Chapter 7 Bankruptcy: An Overview
Chapter Seven of the U.S. Bankruptcy code allows debtors to petition a bankruptcy court to discharge, or cancel, much of their debts. This form of bankruptcy is available to individuals as well as certain types of business entities, including partnerships and corporations.
In order to qualify for Chapter Seven, individuals must meet a “means test.” Those wishing to file Chapter 7 must issue a statement of their income for the previous six months immediately before filing the bankruptcy petition. In addition, individuals must provide a statement of their monthly expenses and other assets they own.
In most cases, the bankruptcy trustee will look at the person’s income and determine whether those debts should be completely discharged, or whether the individual has some ability to repay creditors. If the individual can repay some of the debt, the trustee might require that person to convert to a Chapter 13 bankruptcy.
However, if the trustee determines that the individual’s income is such that he cannot repay his debts, the trustee will then review the debtor’s assets and determine what should be sold in order to pay some portion of the debt owed to creditors. In many cases, debtors will have to sell their homes and move to less expensive housing.
Other assets, such as stocks and investments, cars and other valuable items may also need to be sold.

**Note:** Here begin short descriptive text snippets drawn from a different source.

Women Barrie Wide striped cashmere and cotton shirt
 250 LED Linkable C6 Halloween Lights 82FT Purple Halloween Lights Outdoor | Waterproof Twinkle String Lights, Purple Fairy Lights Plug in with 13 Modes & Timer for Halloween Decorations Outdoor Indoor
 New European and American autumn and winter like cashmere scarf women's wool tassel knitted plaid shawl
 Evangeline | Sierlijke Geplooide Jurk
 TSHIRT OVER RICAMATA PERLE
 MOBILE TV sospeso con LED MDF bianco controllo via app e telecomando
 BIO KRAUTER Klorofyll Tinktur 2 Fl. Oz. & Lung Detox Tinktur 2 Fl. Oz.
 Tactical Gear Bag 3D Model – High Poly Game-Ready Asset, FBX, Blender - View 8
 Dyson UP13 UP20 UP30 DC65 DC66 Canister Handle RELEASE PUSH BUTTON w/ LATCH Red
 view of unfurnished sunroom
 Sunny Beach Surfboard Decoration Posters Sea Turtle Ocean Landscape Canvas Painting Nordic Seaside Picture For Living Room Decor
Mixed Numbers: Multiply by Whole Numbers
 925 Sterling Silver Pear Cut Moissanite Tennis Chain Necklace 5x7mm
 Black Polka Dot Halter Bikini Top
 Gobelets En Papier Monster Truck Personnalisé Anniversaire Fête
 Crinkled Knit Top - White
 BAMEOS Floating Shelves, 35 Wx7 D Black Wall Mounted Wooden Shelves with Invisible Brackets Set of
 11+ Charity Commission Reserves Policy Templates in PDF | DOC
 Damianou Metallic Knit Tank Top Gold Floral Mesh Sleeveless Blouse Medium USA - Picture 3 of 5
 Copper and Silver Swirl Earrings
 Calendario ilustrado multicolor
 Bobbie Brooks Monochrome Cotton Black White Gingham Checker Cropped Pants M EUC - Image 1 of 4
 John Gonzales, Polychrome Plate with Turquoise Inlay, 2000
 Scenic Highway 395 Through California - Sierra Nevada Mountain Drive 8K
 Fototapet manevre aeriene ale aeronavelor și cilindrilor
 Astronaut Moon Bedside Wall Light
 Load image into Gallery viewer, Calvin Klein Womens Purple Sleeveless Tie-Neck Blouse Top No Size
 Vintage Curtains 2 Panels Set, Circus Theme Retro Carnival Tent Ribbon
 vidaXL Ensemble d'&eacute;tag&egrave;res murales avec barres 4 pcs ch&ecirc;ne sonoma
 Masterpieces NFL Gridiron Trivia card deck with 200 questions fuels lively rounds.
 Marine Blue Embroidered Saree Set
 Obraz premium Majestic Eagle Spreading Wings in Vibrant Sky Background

However, some property is exempt from this process. For example, an older or less valuable car that is the debtor’s primary means of transportation is often exempted. In addition, most retirement savings that is kept in a qualified account such as a 401(k) or certain types of IRAs is exempted as well. Most personal property that is of little market value is generally not required to be sold.
These are merely examples of Chapter 7 federal bankruptcy exemptions. Many states have their own exemptions. In Michigan, for example, a bankruptcy petitioner can choose whether to elect federal or state exemptions. Consult with an experienced bankruptcy attorney to discuss your specific situations and what exemptions might apply.
In the end, whatever portion of the total debt that is not satisfied by the sale of assets is discharged, or wiped out, by the trustee. That means that the creditors cannot pursue the debtor for any further payment, and the filer has a fresh financial start.